Adição de fósforo (P) em catalisadores NiMo, suportados em γ-Al2O3, Al2O3/TiO2 e TiO2 - efeito na hidrodessulfurização do tiofeno

Abstract

Mo, NiMo or NiMoP HDS catalysts were supported on Al2O3, Al2O3-TiO2 or TiO2. These supports were synthesized via sol-gel and in the case o TiO2 it was used a commercial sample. The active phases were introduced by impregnation.
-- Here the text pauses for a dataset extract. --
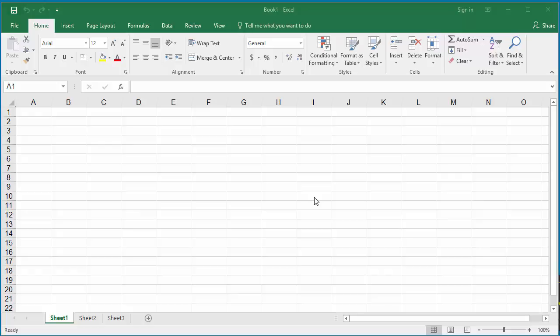A template is a type of Excel file which is used as a basis for creating workbooks. There are a lot of Excel templates available online which you can download and use. For example, if you are trying to create an invoice for your company, you can check available templates to use.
Supports and catalysts in the oxide form were characterized by X-ray diffraction (XRD), diffuse reflectance UV-Vis spectroscopy (DRSUV-Vis), thermogravimetric analyses (TG), temperature-programmed reduction with H2 (TPR-H2), N2 adsorption/desorption, energy dispersive X-ray spectroscopy (EDS), X-ray fluorescence (XRF), temperature-programmed desorption of NH3 (TPD-NH3), high resolution transmission electron microscopy (HRTEM) and evaluated at 300°C in the HDS of thiophene, used as a model molecule. Alumina presented a high specific surface area and meso/macroprous characteristics, allowing a high dispersion of the active phases, as was evidenced by XRD and DRSUV-VIS data. A HRTEM image of a NiMo/Al2O3 catalyst showed the presence of crystalline MoS2 whose activity was substantially promoted by the presence of Ni. The NiMo catalysts were active in the HDS of thiophene, however, the activity was enhanced significantly by the incorporation of P. This result corroborates the positive influence of P in the preparation of HDS catalysts. It was suggested that P must participate as promoter in the formation of the NiMoS phase during the sulfidation process of the Ni and Mo oxides. The supported NiMoP catalysts prepared in this work were more active than a commercial NiMoP/ Al2O3 catalyst, with this result validating the preparation procedures used here. The titania addition in the alumina framework led to NiMo catalysts possessing lower activity. That behavior was attributed to the formation of Ni and Mo sulfides without interaction diminishing the generation NiMoS phase, which is highly active in the HDS of sulfured organic compounds.